_Excerpted records_
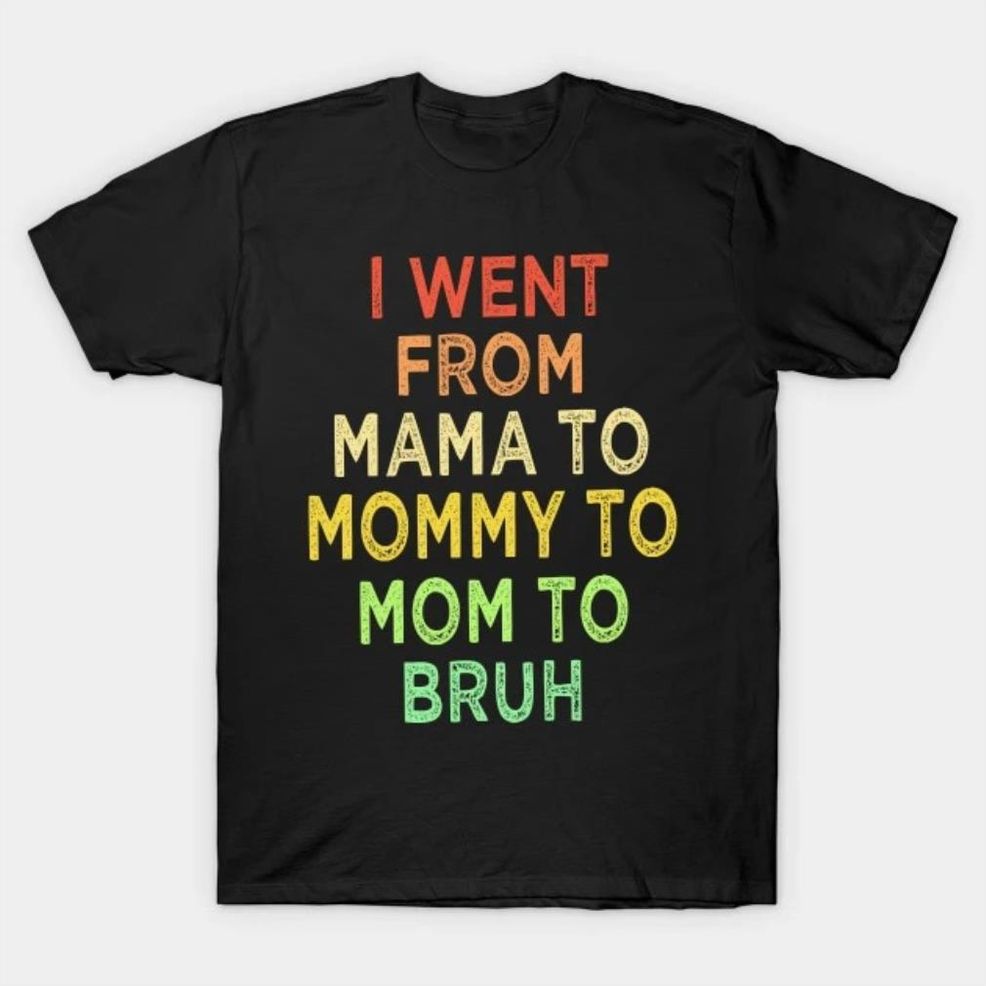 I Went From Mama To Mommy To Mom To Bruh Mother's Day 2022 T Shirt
==
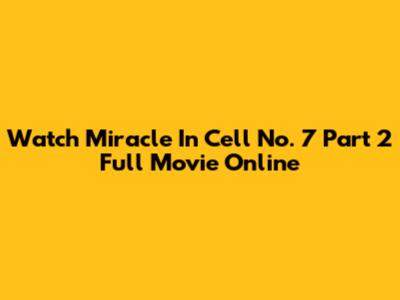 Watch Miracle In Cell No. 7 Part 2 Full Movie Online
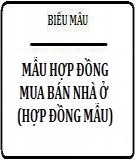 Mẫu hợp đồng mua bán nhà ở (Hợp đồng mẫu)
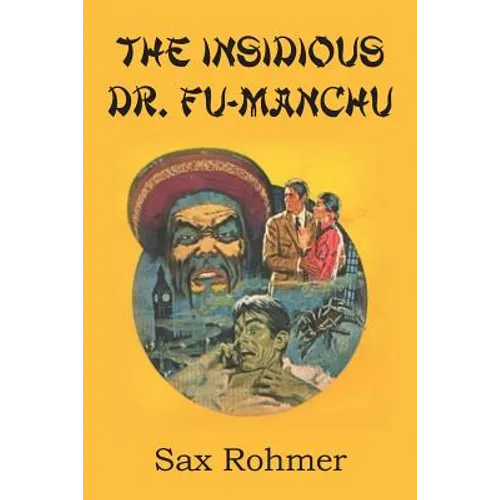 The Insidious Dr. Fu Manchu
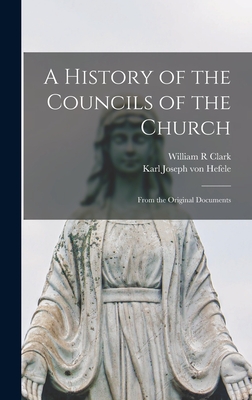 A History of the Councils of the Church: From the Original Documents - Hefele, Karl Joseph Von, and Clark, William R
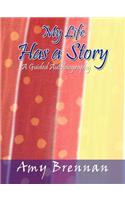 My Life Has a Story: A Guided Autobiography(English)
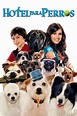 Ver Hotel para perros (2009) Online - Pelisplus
--
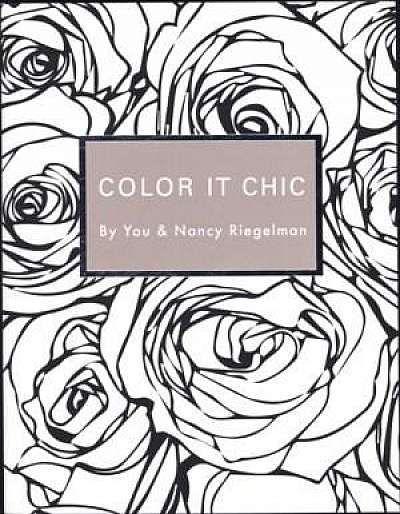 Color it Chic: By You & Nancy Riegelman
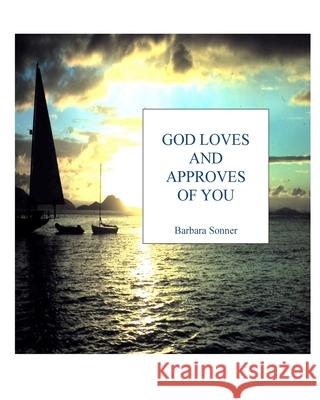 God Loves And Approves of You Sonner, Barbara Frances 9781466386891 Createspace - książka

_Try it_
Copy only the lines above from the one containing "Color it Chic: By You & Nancy Riegelman" through the one containing "God Loves And", both included. Leave out the pictures.

_Result below_
 Color it Chic: By You & Nancy Riegelman
 God Loves And Approves of You Sonner, Barbara Frances 9781466386891 Createspace - książka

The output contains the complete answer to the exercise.